Nothing but the lines from the one with "Staufen Premio Vocabulary" through the final line of the entries should appear in the answer, copied exactly and without pictures.

_TASK INPUT_
- Opening Delimiter -

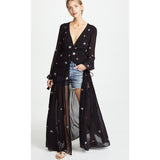 Beth Dutton Bohemian Dress Winter Autumn Midi Dresses Embroidery Split Vacation Dress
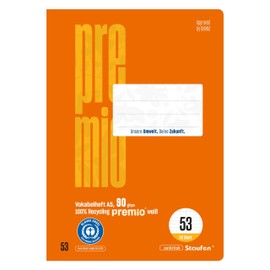 Staufen Premio Vocabulary Book – 5 Books Each 32 Sheets, DIN A5, Line Style 53 (Lined with 1 Middle Line), Premium White 90 g/m² Recycled Paper, Round Corners Prevent "Donkey Ears"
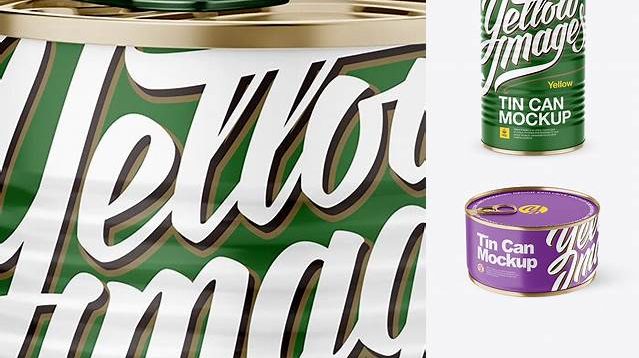 8865+ Matte Tin Can With Pull Tab PSD Mockup High-Angle Shot Smart Layer PSD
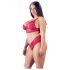 Cottelli Plus Size - set sutien din dantelă moale (roșu)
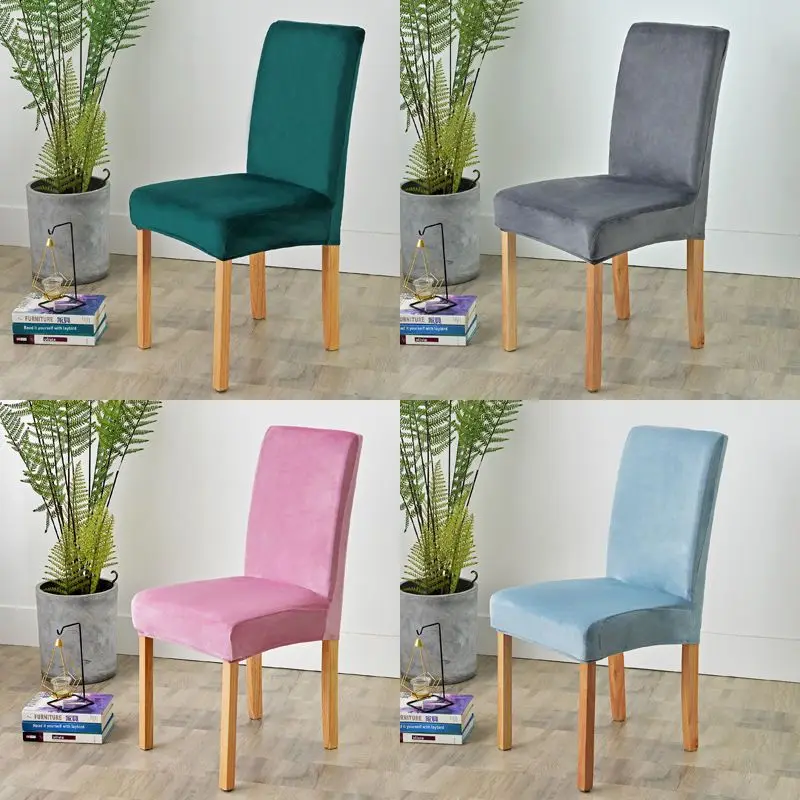 

Velvet Dining Chair Cover Soft Stretch Chair Slipcover Solid Color Seat Cover Elegant Furniture Cover For Home Hotel Banquet
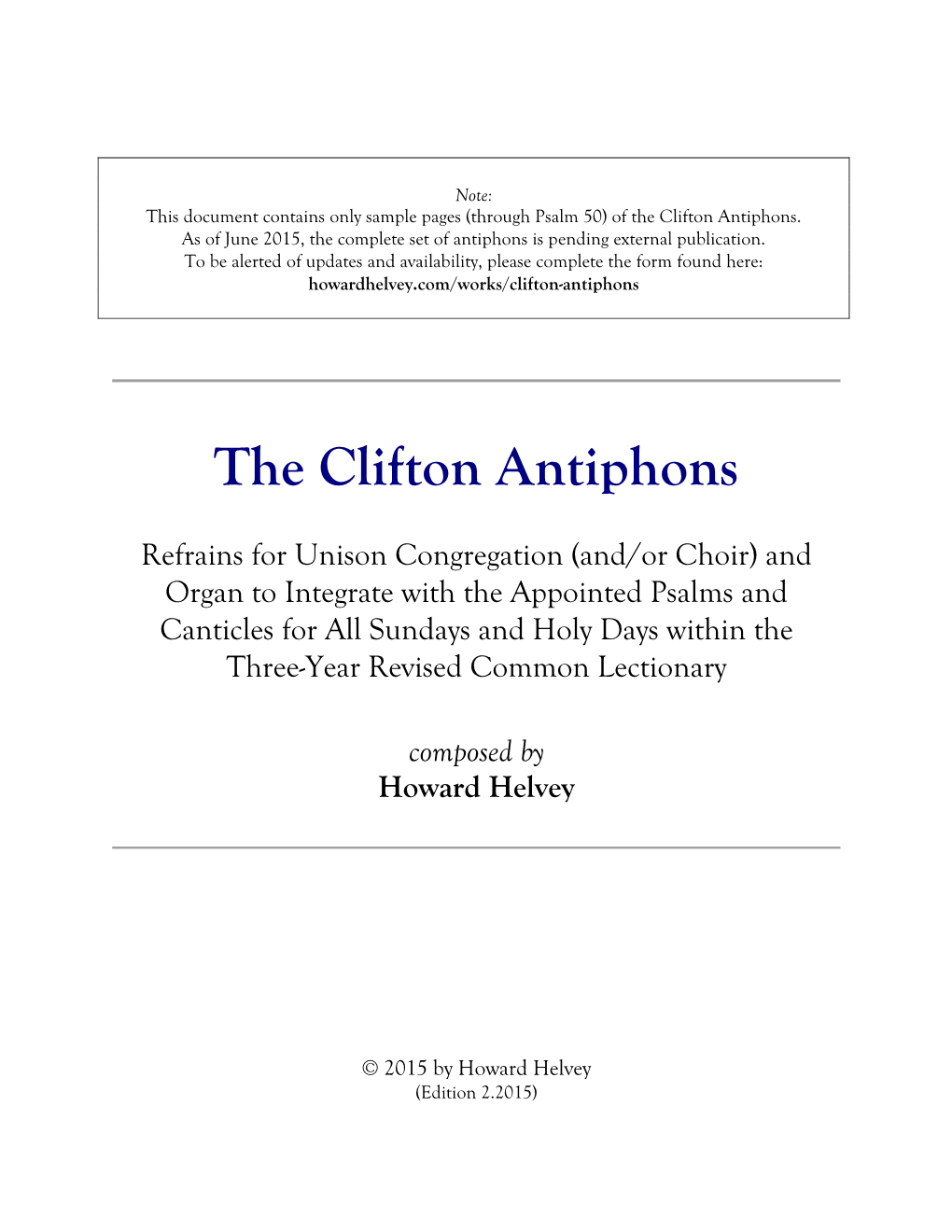 The Clifton Antiphons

- Closing Delimiter -

_ANSWER TO THIS TASK_
 Staufen Premio Vocabulary Book – 5 Books Each 32 Sheets, DIN A5, Line Style 53 (Lined with 1 Middle Line), Premium White 90 g/m² Recycled Paper, Round Corners Prevent "Donkey Ears"
 8865+ Matte Tin Can With Pull Tab PSD Mockup High-Angle Shot Smart Layer PSD
 Cottelli Plus Size - set sutien din dantelă moale (roșu)

Velvet Dining Chair Cover Soft Stretch Chair Slipcover Solid Color Seat Cover Elegant Furniture Cover For Home Hotel Banquet
 The Clifton Antiphons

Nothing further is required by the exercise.